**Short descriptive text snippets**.
* * * * * * * * *

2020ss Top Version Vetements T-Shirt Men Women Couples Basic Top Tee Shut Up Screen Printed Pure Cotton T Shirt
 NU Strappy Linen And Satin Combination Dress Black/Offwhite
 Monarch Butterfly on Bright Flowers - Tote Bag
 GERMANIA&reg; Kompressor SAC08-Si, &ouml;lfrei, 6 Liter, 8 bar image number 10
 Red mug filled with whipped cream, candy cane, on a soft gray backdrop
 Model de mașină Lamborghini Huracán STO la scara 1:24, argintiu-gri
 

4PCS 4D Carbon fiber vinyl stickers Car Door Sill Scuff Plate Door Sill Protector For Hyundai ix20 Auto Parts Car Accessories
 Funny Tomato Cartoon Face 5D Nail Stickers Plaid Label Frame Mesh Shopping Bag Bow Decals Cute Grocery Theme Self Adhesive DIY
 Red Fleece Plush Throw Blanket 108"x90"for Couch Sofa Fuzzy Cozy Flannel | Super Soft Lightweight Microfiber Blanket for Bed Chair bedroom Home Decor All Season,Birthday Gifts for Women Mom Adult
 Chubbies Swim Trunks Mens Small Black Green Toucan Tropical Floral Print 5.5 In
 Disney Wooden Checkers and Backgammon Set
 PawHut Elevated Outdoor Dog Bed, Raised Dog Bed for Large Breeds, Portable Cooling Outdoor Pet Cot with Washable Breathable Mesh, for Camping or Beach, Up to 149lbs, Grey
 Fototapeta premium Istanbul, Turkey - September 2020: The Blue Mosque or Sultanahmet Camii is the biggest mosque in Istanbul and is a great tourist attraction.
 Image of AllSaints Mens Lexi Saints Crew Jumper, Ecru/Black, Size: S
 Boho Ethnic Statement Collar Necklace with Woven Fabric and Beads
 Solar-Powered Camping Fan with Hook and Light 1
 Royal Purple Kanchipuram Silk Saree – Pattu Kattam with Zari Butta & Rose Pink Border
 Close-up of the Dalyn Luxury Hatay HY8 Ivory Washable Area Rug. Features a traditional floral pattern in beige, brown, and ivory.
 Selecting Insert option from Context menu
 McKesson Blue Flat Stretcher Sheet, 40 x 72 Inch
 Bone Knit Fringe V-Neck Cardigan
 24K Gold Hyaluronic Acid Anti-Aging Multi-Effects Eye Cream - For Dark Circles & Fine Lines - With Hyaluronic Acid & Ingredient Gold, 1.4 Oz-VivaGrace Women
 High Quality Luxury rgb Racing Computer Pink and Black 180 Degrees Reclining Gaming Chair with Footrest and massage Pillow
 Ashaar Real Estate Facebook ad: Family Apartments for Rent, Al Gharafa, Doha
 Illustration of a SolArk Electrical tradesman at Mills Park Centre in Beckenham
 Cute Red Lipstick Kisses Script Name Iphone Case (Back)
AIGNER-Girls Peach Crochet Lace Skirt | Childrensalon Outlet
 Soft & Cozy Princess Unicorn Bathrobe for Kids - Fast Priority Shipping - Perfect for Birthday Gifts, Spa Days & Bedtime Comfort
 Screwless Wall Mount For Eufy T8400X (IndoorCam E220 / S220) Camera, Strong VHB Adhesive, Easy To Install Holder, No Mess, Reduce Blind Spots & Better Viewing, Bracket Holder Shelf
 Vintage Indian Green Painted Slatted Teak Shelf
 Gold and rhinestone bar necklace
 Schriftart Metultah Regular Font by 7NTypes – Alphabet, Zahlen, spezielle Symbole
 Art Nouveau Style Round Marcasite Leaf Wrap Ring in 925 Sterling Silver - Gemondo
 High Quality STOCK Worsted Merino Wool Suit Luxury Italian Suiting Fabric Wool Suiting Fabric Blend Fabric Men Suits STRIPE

* * * * * * * * *

**Task objective**. Print each record again. Nothing may be left out.

**Solution**.
2020ss Top Version Vetements T-Shirt Men Women Couples Basic Top Tee Shut Up Screen Printed Pure Cotton T Shirt
 NU Strappy Linen And Satin Combination Dress Black/Offwhite
 Monarch Butterfly on Bright Flowers - Tote Bag
 GERMANIA&reg; Kompressor SAC08-Si, &ouml;lfrei, 6 Liter, 8 bar image number 10
 Red mug filled with whipped cream, candy cane, on a soft gray backdrop
 Model de mașină Lamborghini Huracán STO la scara 1:24, argintiu-gri
 

4PCS 4D Carbon fiber vinyl stickers Car Door Sill Scuff Plate Door Sill Protector For Hyundai ix20 Auto Parts Car Accessories
 Funny Tomato Cartoon Face 5D Nail Stickers Plaid Label Frame Mesh Shopping Bag Bow Decals Cute Grocery Theme Self Adhesive DIY
 Red Fleece Plush Throw Blanket 108"x90"for Couch Sofa Fuzzy Cozy Flannel | Super Soft Lightweight Microfiber Blanket for Bed Chair bedroom Home Decor All Season,Birthday Gifts for Women Mom Adult
 Chubbies Swim Trunks Mens Small Black Green Toucan Tropical Floral Print 5.5 In
 Disney Wooden Checkers and Backgammon Set
 PawHut Elevated Outdoor Dog Bed, Raised Dog Bed for Large Breeds, Portable Cooling Outdoor Pet Cot with Washable Breathable Mesh, for Camping or Beach, Up to 149lbs, Grey
 Fototapeta premium Istanbul, Turkey - September 2020: The Blue Mosque or Sultanahmet Camii is the biggest mosque in Istanbul and is a great tourist attraction.
 Image of AllSaints Mens Lexi Saints Crew Jumper, Ecru/Black, Size: S
 Boho Ethnic Statement Collar Necklace with Woven Fabric and Beads
 Solar-Powered Camping Fan with Hook and Light 1
 Royal Purple Kanchipuram Silk Saree – Pattu Kattam with Zari Butta & Rose Pink Border
 Close-up of the Dalyn Luxury Hatay HY8 Ivory Washable Area Rug. Features a traditional floral pattern in beige, brown, and ivory.
 Selecting Insert option from Context menu
 McKesson Blue Flat Stretcher Sheet, 40 x 72 Inch
 Bone Knit Fringe V-Neck Cardigan
 24K Gold Hyaluronic Acid Anti-Aging Multi-Effects Eye Cream - For Dark Circles & Fine Lines - With Hyaluronic Acid & Ingredient Gold, 1.4 Oz-VivaGrace Women
 High Quality Luxury rgb Racing Computer Pink and Black 180 Degrees Reclining Gaming Chair with Footrest and massage Pillow
 Ashaar Real Estate Facebook ad: Family Apartments for Rent, Al Gharafa, Doha
 Illustration of a SolArk Electrical tradesman at Mills Park Centre in Beckenham
 Cute Red Lipstick Kisses Script Name Iphone Case (Back)
AIGNER-Girls Peach Crochet Lace Skirt | Childrensalon Outlet
 Soft & Cozy Princess Unicorn Bathrobe for Kids - Fast Priority Shipping - Perfect for Birthday Gifts, Spa Days & Bedtime Comfort
 Screwless Wall Mount For Eufy T8400X (IndoorCam E220 / S220) Camera, Strong VHB Adhesive, Easy To Install Holder, No Mess, Reduce Blind Spots & Better Viewing, Bracket Holder Shelf
 Vintage Indian Green Painted Slatted Teak Shelf
 Gold and rhinestone bar necklace
 Schriftart Metultah Regular Font by 7NTypes – Alphabet, Zahlen, spezielle Symbole
 Art Nouveau Style Round Marcasite Leaf Wrap Ring in 925 Sterling Silver - Gemondo
 High Quality STOCK Worsted Merino Wool Suit Luxury Italian Suiting Fabric Wool Suiting Fabric Blend Fabric Men Suits STRIPE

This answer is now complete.